You can mix-up this recipe using available ingredients in your kitchen. The addition of fresh cilantro really makes the flavors in the dish pop, but you can make it without it.
1/2 cup couscous
2 teaspoons minced chipotle canned chilies
1 onion, cut in large slices
2 red bell pepper, ribs and seed removed, sliced in thin long strips
2 green bell peppers, ribs and seed removed, sliced in thin long strips
4 carrots, peeled, and cut into matchsticks
1 tablespoon organic olive oil
1 tablespoon organic chili powder
1 cup baby spinach, torn into pieces
1/4 cup fresh cilantro, chopped
4 burritos
3/4 cup shredded Monterey Jack cheese
Salsa
sour cream
sea salt and pepper to taste
Preheat oven to 425 degrees.
In a medium saucepan bring 1 1/2 cups of water to a boil; add a dash of sea salt. Stir in couscous; bring to boil, simmer 2-3 minutes. Remove from heat, cover and let stand 5-7 minutes.
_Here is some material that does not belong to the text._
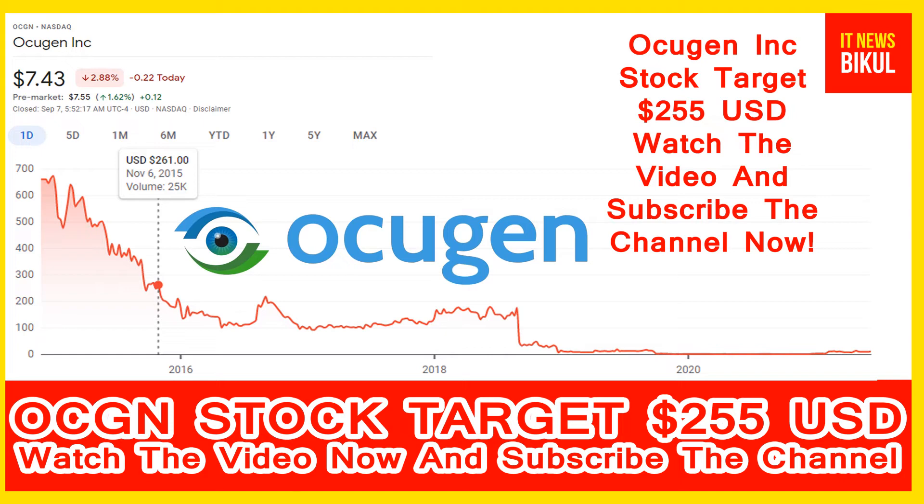Looking at the chart of OCGN stock, the highest price was made on 6th November 2015 at $251 USD. Now OCGN stock is available at very cheap rates, and there is a very big opportunity for investment because a bounce-back chart pattern is appearing. Yes, in OCGN stock the bounce-back chart pattern has begun now.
In a large bowl, add bell peppers, onion, carrots and chili powder. Toss to coat. Drizzle with olive oil and toss again. Place on cookie sheet or broiler pan, and place in oven. Continue roasting until vegetables are tender and browned. Remove from oven and place back in bowl. Add spinach, toss.
To build each burrito; place tortilla on cutting board, place a layer of couscous down the center, add vegetables mixture, top with cheese and cilantro. Repeat for each burrito. Wrap burritos, microwave to warm tortillas, and serve with sour cream and salsa.